● **Data excerpts**
______________________________

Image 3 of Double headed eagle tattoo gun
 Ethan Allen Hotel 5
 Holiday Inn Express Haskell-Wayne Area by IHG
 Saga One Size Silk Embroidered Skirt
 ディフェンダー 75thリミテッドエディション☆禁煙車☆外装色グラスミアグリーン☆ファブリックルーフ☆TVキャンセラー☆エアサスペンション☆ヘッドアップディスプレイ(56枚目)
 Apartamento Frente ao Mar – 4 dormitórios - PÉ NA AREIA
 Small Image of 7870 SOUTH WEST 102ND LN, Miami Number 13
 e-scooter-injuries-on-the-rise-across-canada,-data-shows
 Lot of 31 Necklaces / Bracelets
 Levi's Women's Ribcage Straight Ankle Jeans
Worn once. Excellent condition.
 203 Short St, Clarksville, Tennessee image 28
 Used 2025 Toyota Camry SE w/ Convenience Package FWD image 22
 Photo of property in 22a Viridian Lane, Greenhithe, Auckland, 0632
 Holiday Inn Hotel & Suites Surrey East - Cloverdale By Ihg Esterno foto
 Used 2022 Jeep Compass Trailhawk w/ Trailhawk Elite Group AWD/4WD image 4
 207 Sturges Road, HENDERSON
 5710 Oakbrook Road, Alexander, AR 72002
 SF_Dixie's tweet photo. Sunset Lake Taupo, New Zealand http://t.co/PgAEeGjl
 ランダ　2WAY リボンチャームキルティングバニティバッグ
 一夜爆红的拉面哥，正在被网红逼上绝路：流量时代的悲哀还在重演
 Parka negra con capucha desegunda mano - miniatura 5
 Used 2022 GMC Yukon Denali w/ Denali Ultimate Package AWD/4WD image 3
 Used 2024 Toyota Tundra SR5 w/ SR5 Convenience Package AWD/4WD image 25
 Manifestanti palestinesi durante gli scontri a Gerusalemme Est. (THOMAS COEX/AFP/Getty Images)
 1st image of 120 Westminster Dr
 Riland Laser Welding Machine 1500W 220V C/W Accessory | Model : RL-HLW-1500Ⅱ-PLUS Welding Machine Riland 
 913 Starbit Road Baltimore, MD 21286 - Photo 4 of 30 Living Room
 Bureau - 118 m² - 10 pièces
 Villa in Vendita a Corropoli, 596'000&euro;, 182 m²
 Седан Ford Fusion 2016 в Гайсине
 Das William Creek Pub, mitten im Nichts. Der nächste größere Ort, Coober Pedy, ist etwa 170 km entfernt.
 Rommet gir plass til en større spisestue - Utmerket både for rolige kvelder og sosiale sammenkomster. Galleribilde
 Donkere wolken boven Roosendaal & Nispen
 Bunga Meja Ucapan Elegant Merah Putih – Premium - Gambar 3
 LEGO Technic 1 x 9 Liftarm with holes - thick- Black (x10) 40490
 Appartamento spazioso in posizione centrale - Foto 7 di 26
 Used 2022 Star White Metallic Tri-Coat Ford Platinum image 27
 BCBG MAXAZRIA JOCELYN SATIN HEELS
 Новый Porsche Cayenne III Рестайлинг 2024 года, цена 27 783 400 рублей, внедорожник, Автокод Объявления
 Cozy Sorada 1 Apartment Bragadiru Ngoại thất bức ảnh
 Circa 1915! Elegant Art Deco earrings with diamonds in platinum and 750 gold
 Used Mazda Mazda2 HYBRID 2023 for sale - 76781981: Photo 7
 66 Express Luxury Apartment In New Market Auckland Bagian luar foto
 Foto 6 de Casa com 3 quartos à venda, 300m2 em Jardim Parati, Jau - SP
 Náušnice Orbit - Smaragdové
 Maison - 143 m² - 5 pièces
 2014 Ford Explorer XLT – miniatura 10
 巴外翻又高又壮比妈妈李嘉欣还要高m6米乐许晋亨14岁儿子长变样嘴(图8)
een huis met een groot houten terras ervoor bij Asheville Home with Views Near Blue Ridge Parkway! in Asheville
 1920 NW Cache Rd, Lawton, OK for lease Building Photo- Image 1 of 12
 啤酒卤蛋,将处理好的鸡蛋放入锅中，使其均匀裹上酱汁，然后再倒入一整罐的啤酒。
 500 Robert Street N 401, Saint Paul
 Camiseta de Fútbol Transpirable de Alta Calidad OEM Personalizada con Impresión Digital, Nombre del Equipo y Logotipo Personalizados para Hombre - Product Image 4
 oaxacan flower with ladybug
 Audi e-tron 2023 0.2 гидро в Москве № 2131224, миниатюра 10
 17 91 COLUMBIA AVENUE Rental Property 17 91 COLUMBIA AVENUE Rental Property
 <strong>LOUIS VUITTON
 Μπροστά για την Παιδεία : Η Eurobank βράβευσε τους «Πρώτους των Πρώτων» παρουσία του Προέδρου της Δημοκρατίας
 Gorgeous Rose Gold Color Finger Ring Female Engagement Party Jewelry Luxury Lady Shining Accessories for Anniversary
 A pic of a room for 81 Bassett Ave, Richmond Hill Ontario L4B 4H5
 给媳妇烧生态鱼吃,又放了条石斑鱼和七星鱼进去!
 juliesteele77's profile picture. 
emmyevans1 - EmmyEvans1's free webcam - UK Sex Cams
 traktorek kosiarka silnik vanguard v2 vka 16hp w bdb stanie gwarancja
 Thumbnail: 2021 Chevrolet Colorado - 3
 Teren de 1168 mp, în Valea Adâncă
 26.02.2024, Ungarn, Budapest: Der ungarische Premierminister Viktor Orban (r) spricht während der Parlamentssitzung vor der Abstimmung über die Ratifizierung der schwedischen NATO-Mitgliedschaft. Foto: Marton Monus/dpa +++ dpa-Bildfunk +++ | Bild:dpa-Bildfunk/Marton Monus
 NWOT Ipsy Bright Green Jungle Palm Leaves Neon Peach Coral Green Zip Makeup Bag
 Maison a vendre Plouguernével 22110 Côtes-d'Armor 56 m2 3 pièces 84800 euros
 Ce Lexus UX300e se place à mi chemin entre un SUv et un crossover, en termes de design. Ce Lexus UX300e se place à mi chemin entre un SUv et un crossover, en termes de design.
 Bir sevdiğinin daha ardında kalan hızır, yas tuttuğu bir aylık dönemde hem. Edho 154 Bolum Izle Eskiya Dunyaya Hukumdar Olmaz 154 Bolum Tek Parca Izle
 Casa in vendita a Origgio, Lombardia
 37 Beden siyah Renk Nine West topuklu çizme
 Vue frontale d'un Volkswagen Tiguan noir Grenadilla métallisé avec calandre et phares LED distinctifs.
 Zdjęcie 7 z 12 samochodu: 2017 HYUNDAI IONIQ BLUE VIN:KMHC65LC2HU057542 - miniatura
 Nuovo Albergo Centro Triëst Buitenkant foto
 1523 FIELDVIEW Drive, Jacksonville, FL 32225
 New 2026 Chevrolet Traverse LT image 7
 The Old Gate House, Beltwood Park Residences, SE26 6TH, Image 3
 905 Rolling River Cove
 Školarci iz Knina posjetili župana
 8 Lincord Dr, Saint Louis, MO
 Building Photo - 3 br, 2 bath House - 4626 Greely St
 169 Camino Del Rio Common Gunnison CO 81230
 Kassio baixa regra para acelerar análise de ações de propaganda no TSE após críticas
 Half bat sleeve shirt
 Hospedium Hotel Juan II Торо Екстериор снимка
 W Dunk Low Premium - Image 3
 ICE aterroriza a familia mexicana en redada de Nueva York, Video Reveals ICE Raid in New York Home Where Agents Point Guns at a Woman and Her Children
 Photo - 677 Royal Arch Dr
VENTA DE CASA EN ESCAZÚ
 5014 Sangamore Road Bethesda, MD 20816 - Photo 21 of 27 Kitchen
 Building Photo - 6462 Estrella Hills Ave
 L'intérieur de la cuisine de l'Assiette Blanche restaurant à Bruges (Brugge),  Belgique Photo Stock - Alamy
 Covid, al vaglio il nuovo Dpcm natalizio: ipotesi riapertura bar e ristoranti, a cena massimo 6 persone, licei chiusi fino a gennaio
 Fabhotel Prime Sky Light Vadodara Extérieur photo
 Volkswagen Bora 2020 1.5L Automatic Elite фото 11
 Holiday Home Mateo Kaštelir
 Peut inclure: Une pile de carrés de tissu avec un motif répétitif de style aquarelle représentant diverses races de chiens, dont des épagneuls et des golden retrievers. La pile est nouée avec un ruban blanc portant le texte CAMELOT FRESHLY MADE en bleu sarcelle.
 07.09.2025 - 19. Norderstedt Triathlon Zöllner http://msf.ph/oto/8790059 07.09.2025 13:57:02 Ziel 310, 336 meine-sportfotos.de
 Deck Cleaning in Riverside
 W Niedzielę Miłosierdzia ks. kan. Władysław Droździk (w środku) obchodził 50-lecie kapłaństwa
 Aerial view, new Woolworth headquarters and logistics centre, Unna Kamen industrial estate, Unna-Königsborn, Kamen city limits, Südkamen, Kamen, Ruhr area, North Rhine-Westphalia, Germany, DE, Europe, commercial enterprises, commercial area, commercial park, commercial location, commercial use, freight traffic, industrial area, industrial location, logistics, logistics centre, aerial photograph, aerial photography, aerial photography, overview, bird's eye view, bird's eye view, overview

______________________________

● **What you will do**
Going down the listing above, begin printing at the line with "Used 2022 Jeep" and finish with the line with "一夜爆红的拉面哥，正在被网红逼上绝路：流量时代的悲哀还在重演", exactly as they appear.

● **Your solution**
 Used 2022 Jeep Compass Trailhawk w/ Trailhawk Elite Group AWD/4WD image 4
 207 Sturges Road, HENDERSON
 5710 Oakbrook Road, Alexander, AR 72002
 SF_Dixie's tweet photo. Sunset Lake Taupo, New Zealand http://t.co/PgAEeGjl
 ランダ　2WAY リボンチャームキルティングバニティバッグ
 一夜爆红的拉面哥，正在被网红逼上绝路：流量时代的悲哀还在重演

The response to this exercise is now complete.